I want to calculate this quantity:
$$\lim_{x \rightarrow \infty}\frac{\Psi_1 (x)}{\Psi_1 (x + y)}$$ where
$$\Psi_1 (x)=\frac{d^2}{dx^2}\log \Gamma (x)=\sum_{k=0}^{\infty}\frac{1}{(x+k)^2}. $$
I guess it is $1$, but I am not sure about my proof.
My proof is following:
Let $\epsilon > 0$ be given. Since $\Psi_1 (x)$ is convergent on $(0, \infty)$ and decreasing, for any $x, y >0$ there exist $K=K(\epsilon) < \infty$ such that $\sum_{k=K+1}^{\infty} \frac{1}{(x + y + k)^2} < \sum_{k=K+1}^{\infty} \frac{1}{(x + k)^2} \leq \epsilon$. Then, we have \begin{align*} &\frac{\Psi_1 (x)}{\Psi_1 (x + y)} \leq \Bigg( \sum_{k=0}^{K} \frac{1}{(x + k)^2} + \sum_{k=K+1}^{\infty} \frac{1}{(x + k)^2} \Bigg) \Bigg/ \Bigg( \sum_{k=0}^{K} \frac{1}{(x + y + k)^2} \Bigg)\\ %&\leq \Bigg( \sum_{k=0}^{K} \frac{1}{(x + k)^2} - \frac{1}{(x + y + k)^2} \Bigg) \Bigg/ \Bigg( \sum_{k=0}^{K} \frac{1}{(x + y + k)^2} \Bigg) + 2\epsilon\\ &\leq \Bigg( \frac{K+1}{x^2} + \sum_{k=K+1}^{\infty} \frac{1}{(x + k)^2} \Bigg) \Bigg/ \Bigg( \sum_{k=0}^{K} \frac{1}{(x + y + k)^2} \Bigg)\\ &= \Bigg( \frac{K+1}{x^2} \Bigg) \Bigg/ \Bigg( \sum_{k=0}^{K} \frac{1}{(x + y + k)^2} \Bigg) + \Bigg( \sum_{k=K+1}^{\infty} \frac{1}{(x + k)^2} \Bigg) \Bigg/ \Bigg( \sum_{k=0}^{K} \frac{1}{(x + y + k)^2} \Bigg)\\ & \leq \Bigg( \frac{K+1}{x^2} \Bigg) \Bigg/ \Bigg( \frac{K+1}{(x + y + K)^2} \Bigg) + \Bigg( \sum_{k=K+1}^{\infty} \frac{1}{(x + k)^2} \Bigg) \Bigg/ \Bigg( \sum_{k=0}^{K} \frac{1}{(x + y + k)^2} \Bigg)\\ & = \frac{(x + y + K)^2}{x^2} + \Bigg( \sum_{k=K+1}^{\infty} \frac{1}{(x + k)^2} \Bigg) \Bigg/ \Bigg( \sum_{k=0}^{K} \frac{1}{(x + y + k)^2} \Bigg). \end{align*} In the last line, the first term goes to $1$ as $x \longrightarrow \infty$ for any fixed $K$. For the second term, since we can choose arbitrarily large $K$ and $\Psi_1$ is convergent, it goes to $0$ as $K \longrightarrow \infty$ for any fixed $x>0$. Thus, we have $\frac{\Psi_1 (x)}{\Psi_1 (x + y)} \leq 1$ as $x \longrightarrow \infty$.

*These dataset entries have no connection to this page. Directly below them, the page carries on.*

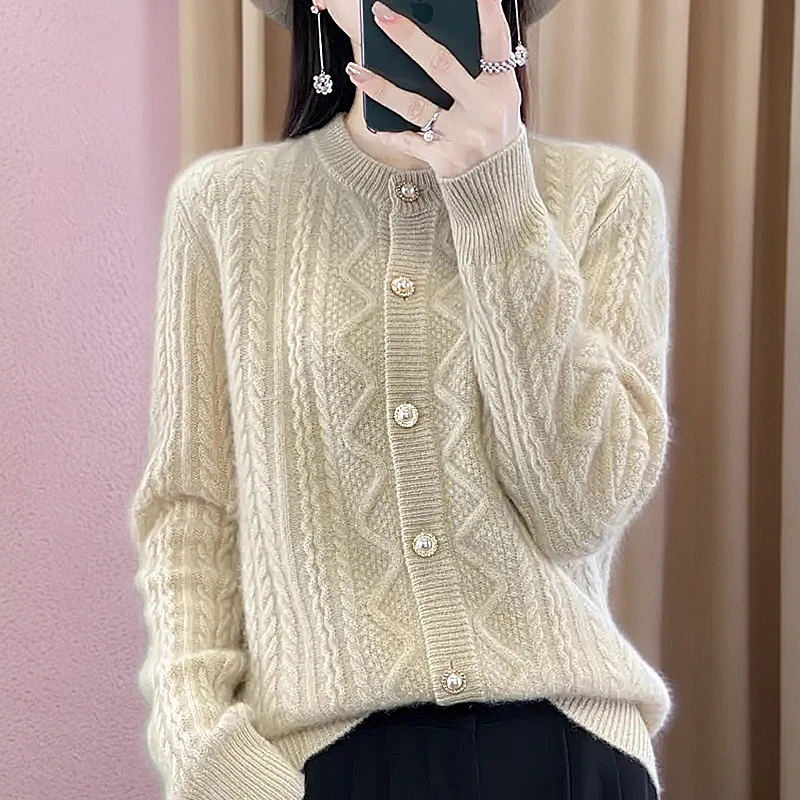 恒源祥集团新款100纯羊毛圆领短款开衫时尚彩羊绒针织外套上衣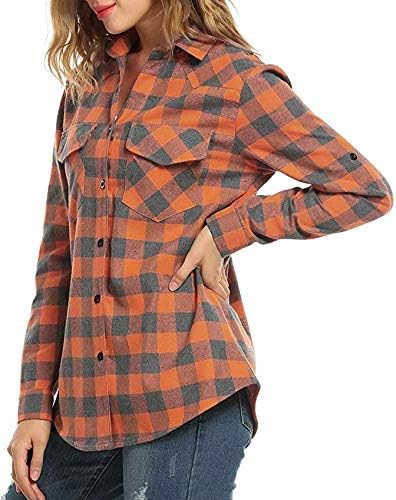 Genhoo Womens Flannel Shirts Roll Up Long Sleeve Plaid Shirt Collared Button Down Gingham Casual Top S-4XL - Image 6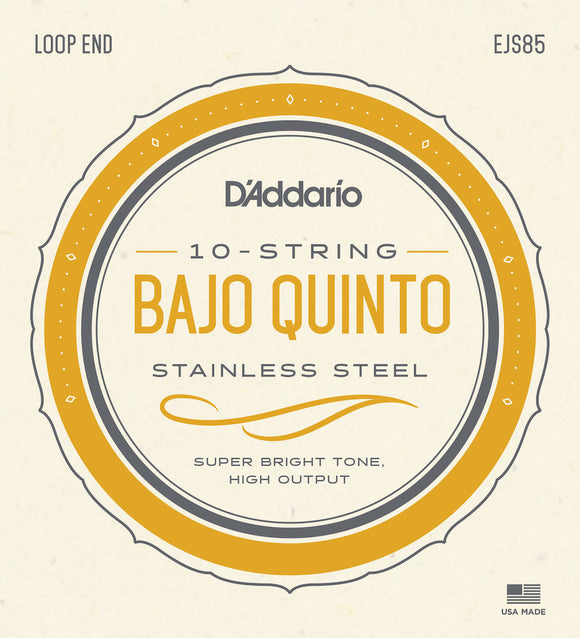 D'Addario EJS85 Bajo Quinto Stainless Steel Strings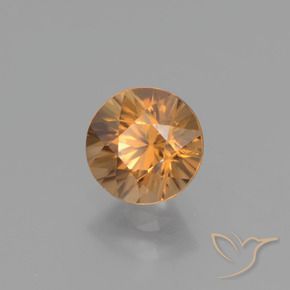Zircone Arancio ruggine naturale da 1.31 ct, Rotondo, VVS-VS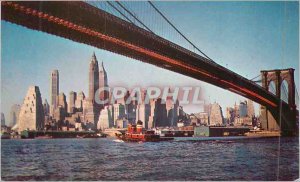 Modern Postcard Brooklyn Bridge spanning the east river and connecting Manhat...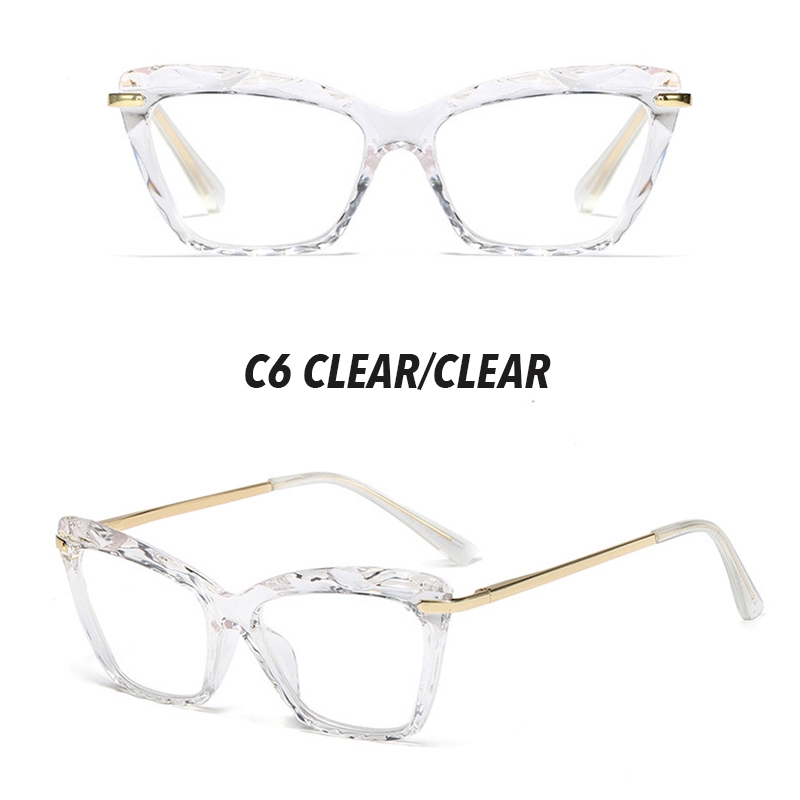 (YUZHU) Bayar di Tempat INS Fashion Retro Mata Kucing Wanita Kacamata Anti Blue Eyeglasses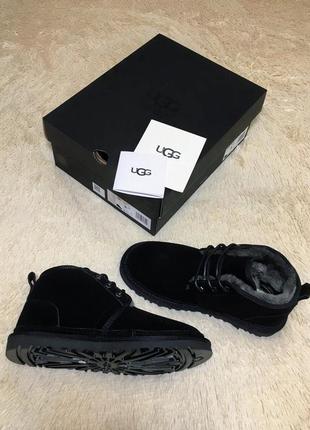 ✳️ugg neumel black black✳️зимние мужские угги, чёрные кожаные ботинки/уги6 фото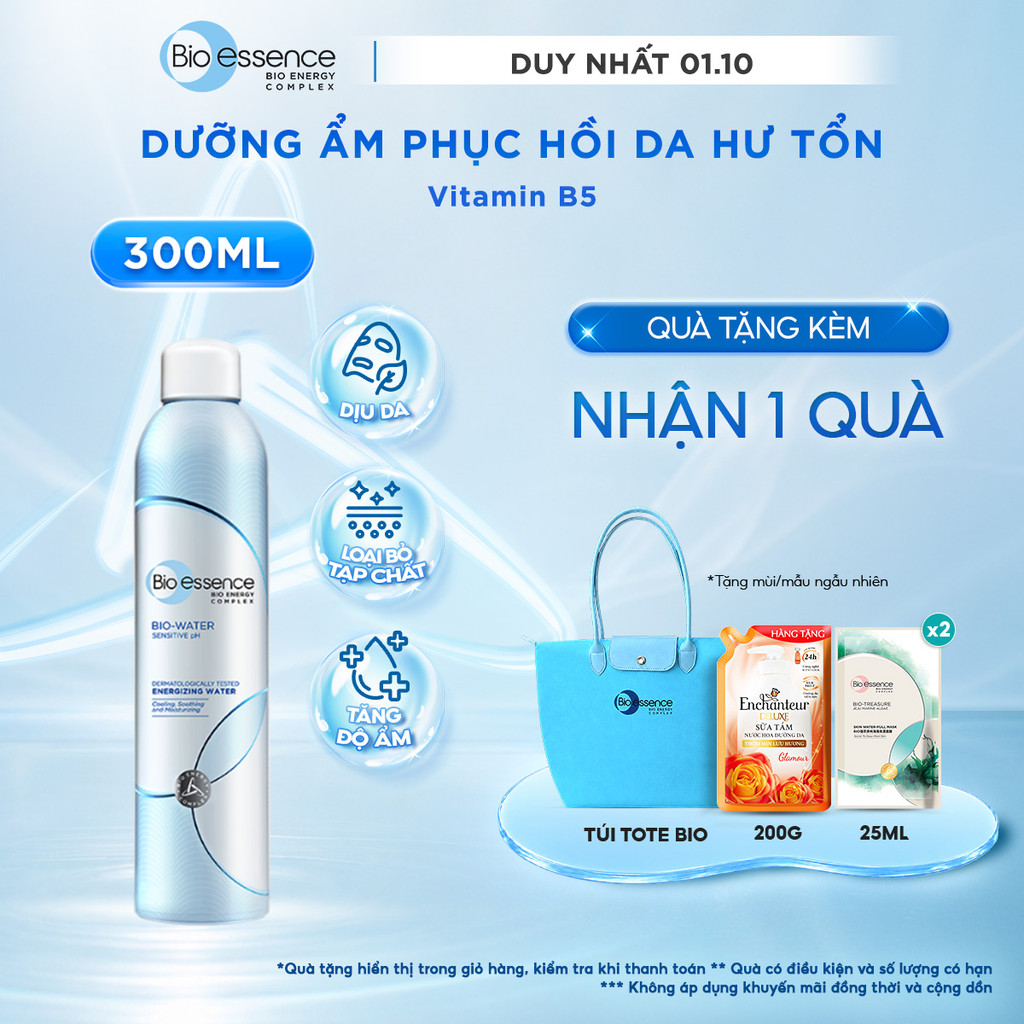 Nước Xịt khoáng cấp ẩm tức thì, làm dịu và bảo vệ da với khoáng vi lượng Bio essence Bio-Water 300ml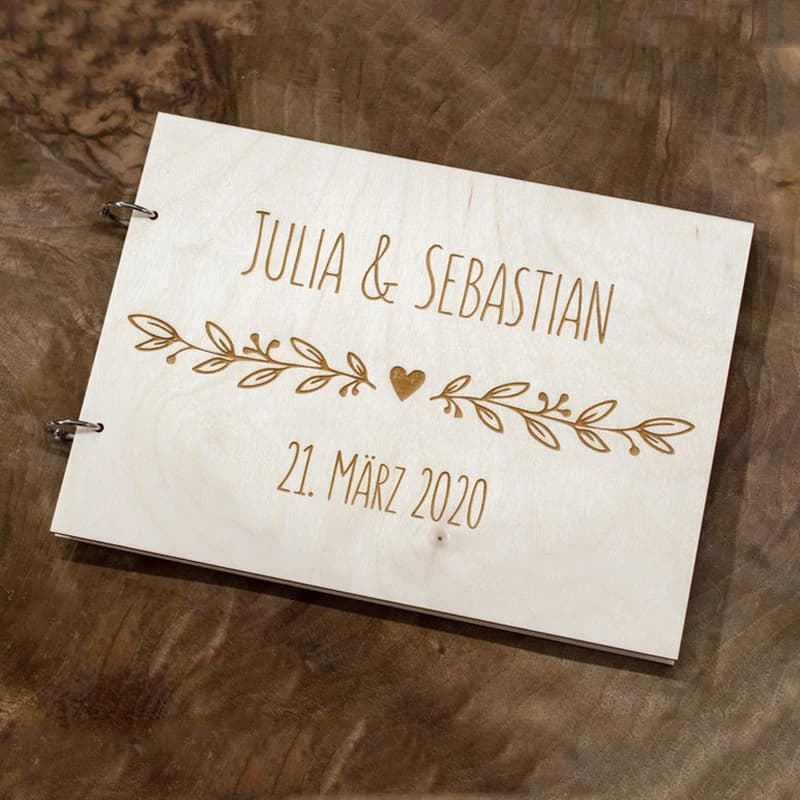 Custom Wooden Wedding Guest Book, Rustic Laser Engraved Album, Wedding Gifts for Wedding Celebrations for Guests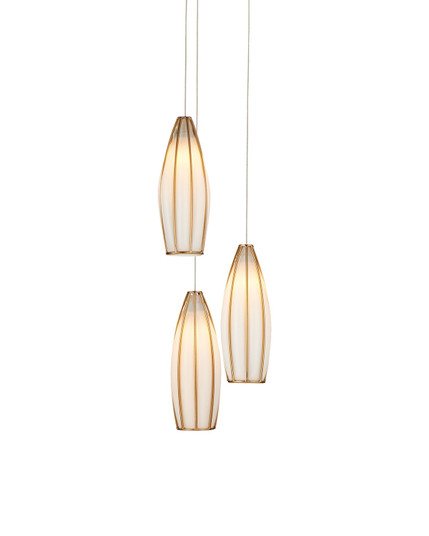 Parish Three Light Pendant in White/Antique Brass/Silver (142|9000-1186)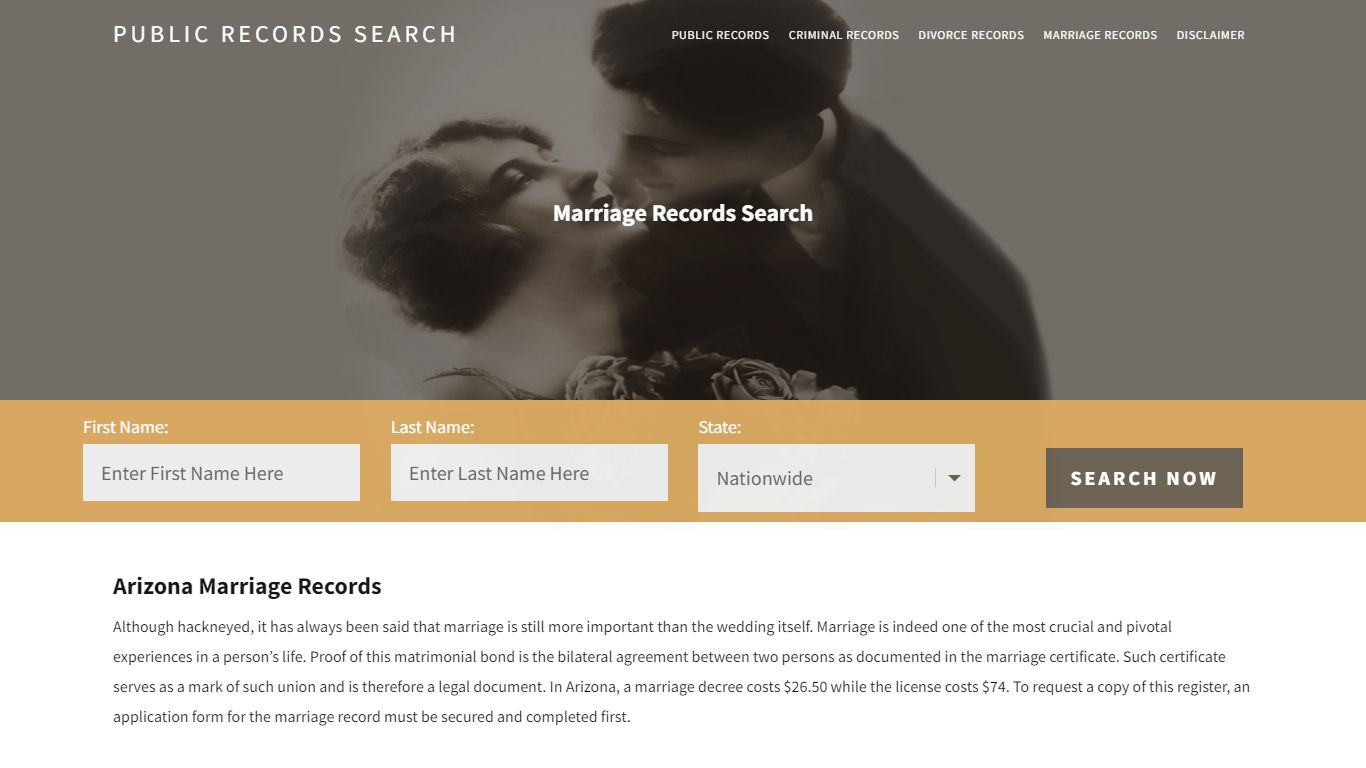 Arizona Marriage Records | Enter Name and Search|14 Days Free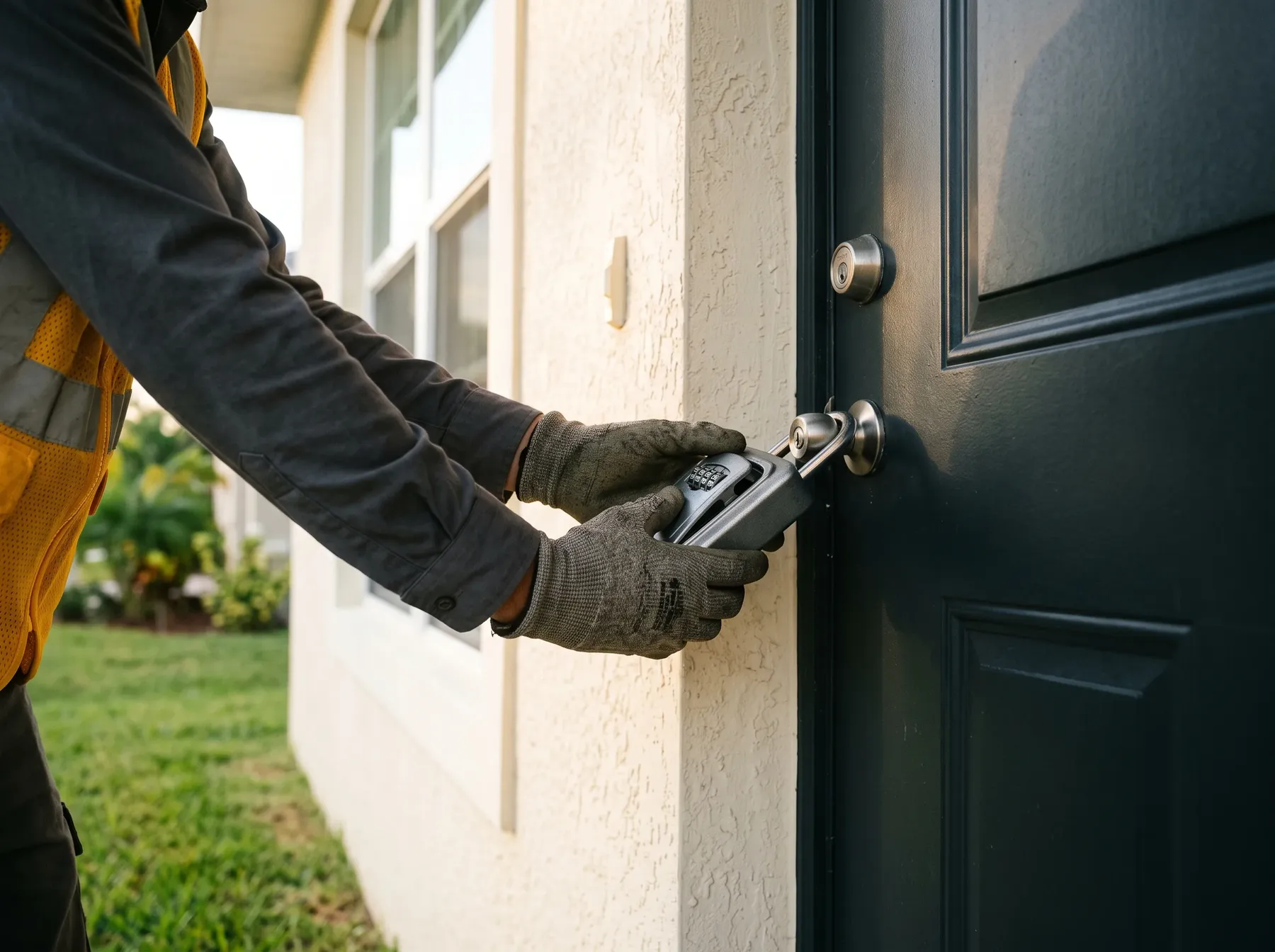 Installing a lockbox on a vacant home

On the other hand, since $\Psi_1(x)$ is decreasing in $x$, \begin{equation*} \frac{\Psi_1 (x)}{\Psi_1 (x + y)} \geq 1 \text { for any } x, y >0. \end{equation*} Thus, \begin{equation*} \frac{\Psi_1 (x)}{\Psi_1 (x + y)} \longrightarrow 1 \text { as } x \longrightarrow \infty. \end{equation*}
Am I correct? I think I am cheating somewhere. I can't convince myself.
Why not to use the asmptotics $$\Psi_1 (z)=\frac{1}{z}+\frac{1}{2 z^2}+\frac{1}{6 z^3}+O\left(\frac{1}{z^5}\right)$$ Apply it twice and continue with Taylor series to get $$\frac{\Psi_1 (x)}{\Psi_1 (x + y)}=1+\frac{y}{x}+\frac{y}{2 x^2}+\frac{y}{12 x^3}+O\left(\frac{1}{x^4}\right)$$
Trying with $x=100$ and $y=10$, the "exact" value is $1.100500898$ while the above truncated series gives $\frac{1320601}{1200000}=1.100500833$.